[TASK ITEM]: Transcribe exactly, and only, the lines running from the one that contains "Building Photo - 12274 1st St W" through the last line of the material. No pictures.
--- EXTRACTED INFORMATION Enclosed Below ---
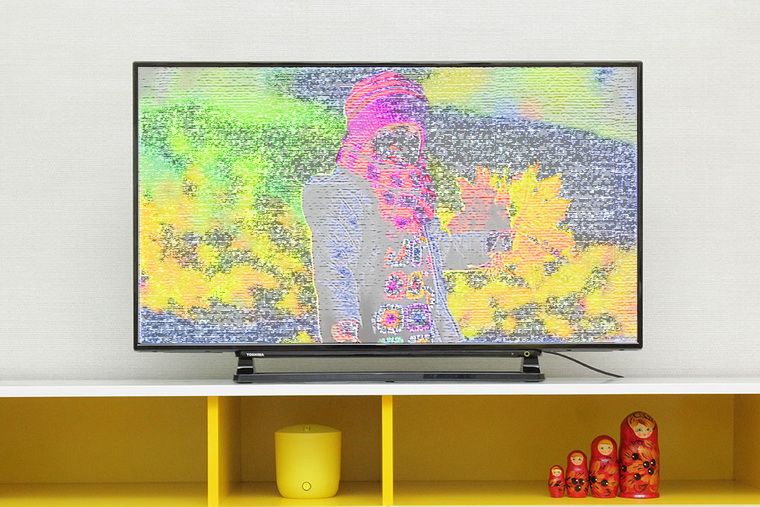 Nguyễn nhân và cách khắc phục màn hình tivi bị kẻ sọc
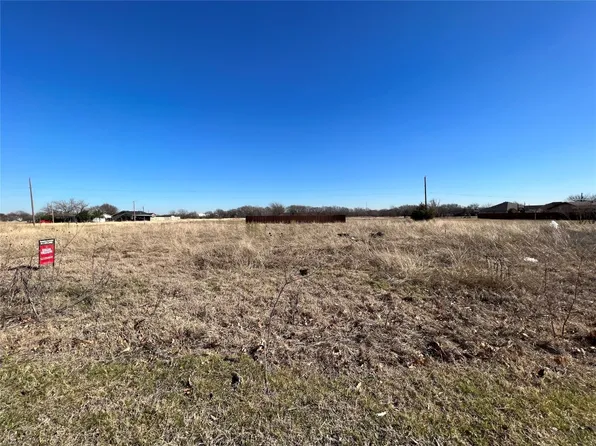 9325 Prairieview Dr, Fort Worth, TX 76134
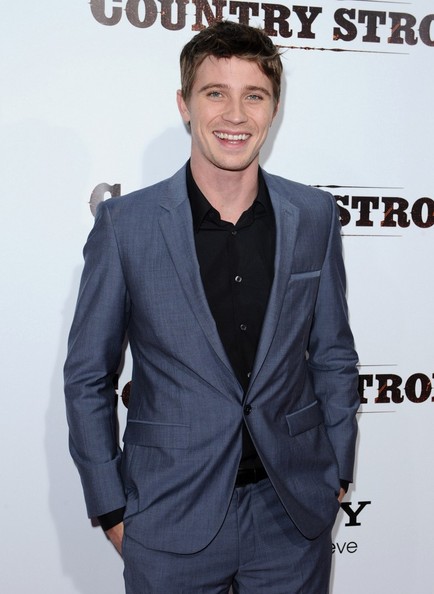 garrett hedlund girlfriend pictures. Garrett+hedlund+girlfriend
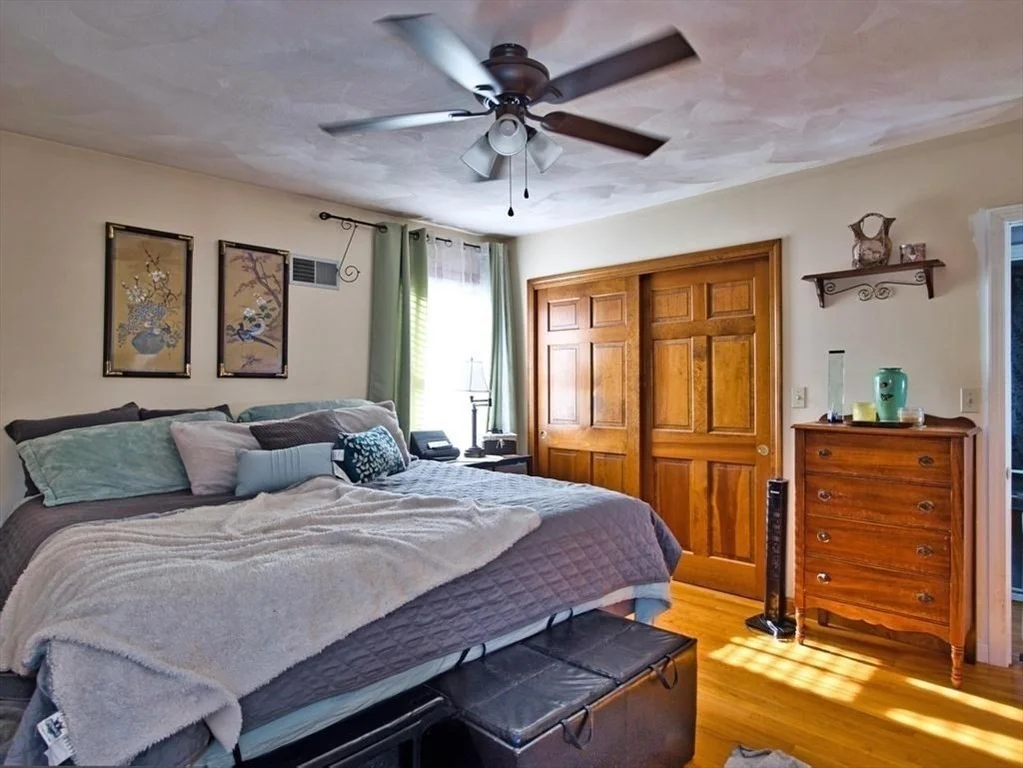 Photo of 555 Harbor View Blvd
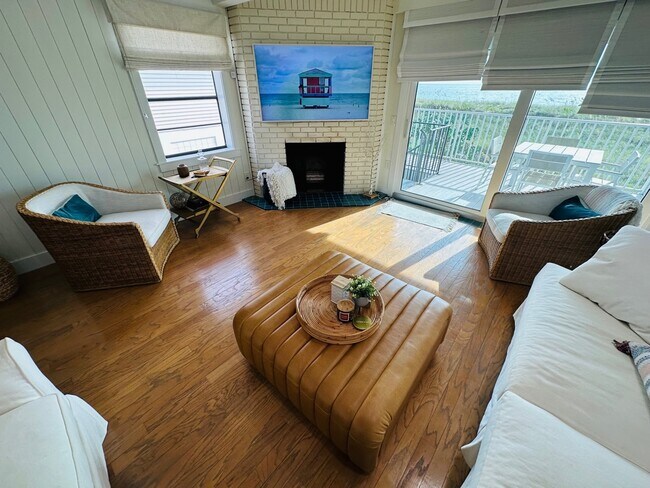 Building Photo - 12274 1st St W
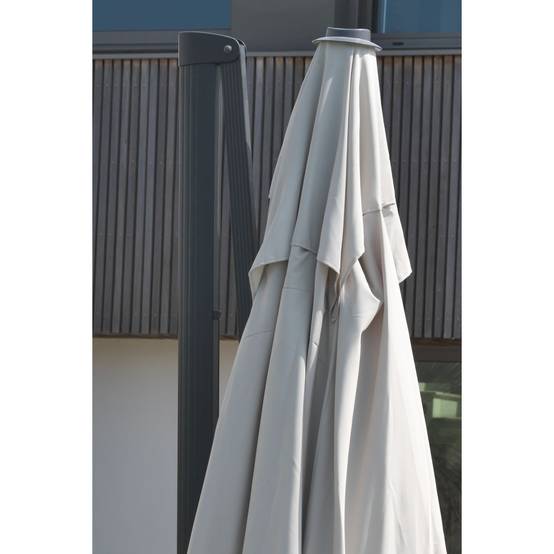 Dcb Garden - Parasol avec pied excentré en acier et toilee - Gris clair - MALAGA - Image 6
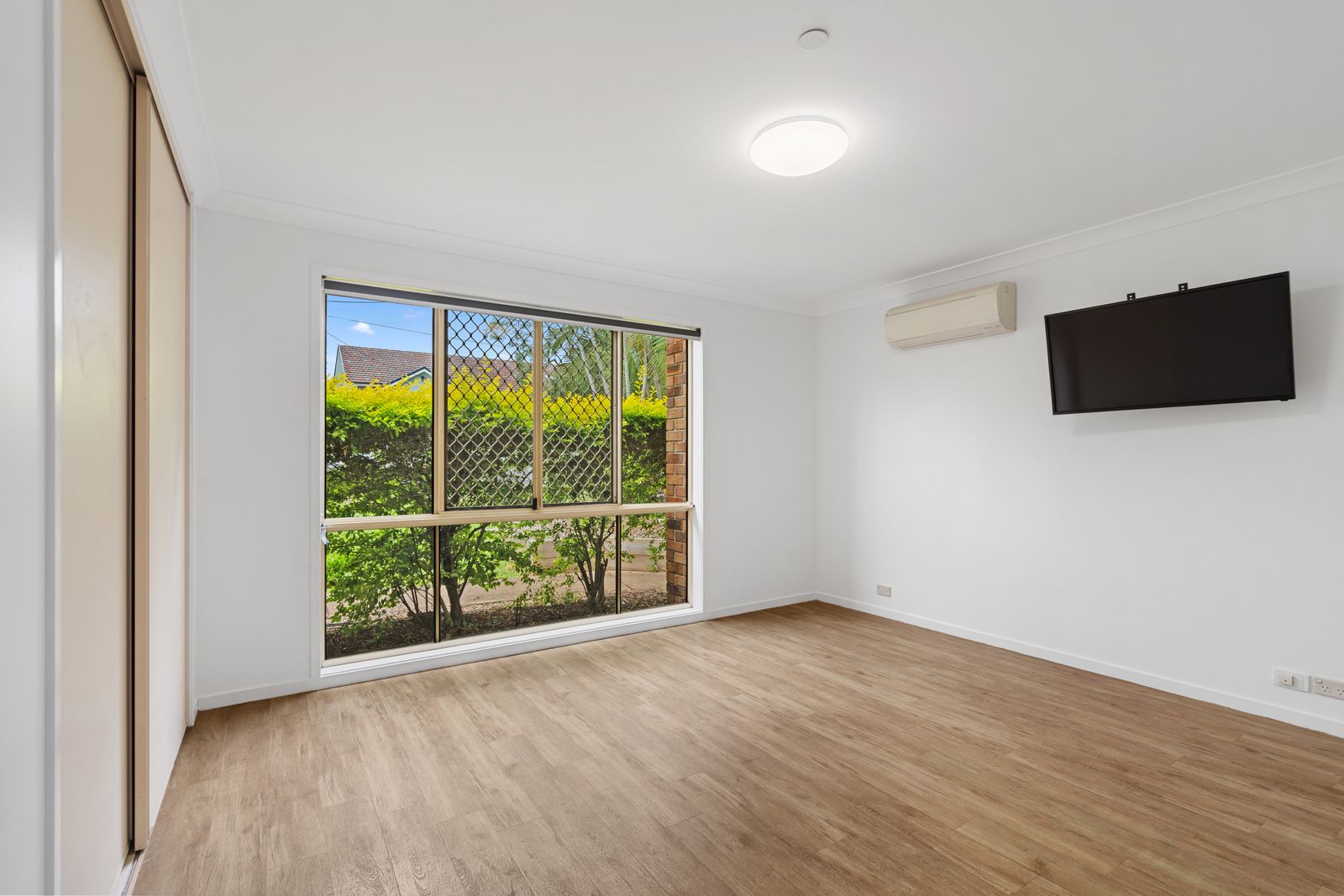 012 Open2view_ID986441-66_Martindale_Street__Corinda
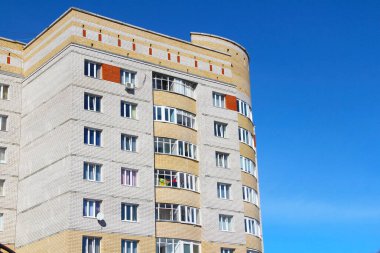 Modern şehir mimarisi, gökyüzünü yansıtan sıra sıra pencereler.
--- End of Enclosed EXTRACTED INFORMATION ---
[WRITTEN ANSWER]:
 Building Photo - 12274 1st St W
 Dcb Garden - Parasol avec pied excentré en acier et toilee - Gris clair - MALAGA - Image 6
 012 Open2view_ID986441-66_Martindale_Street__Corinda
 Modern şehir mimarisi, gökyüzünü yansıtan sıra sıra pencereler.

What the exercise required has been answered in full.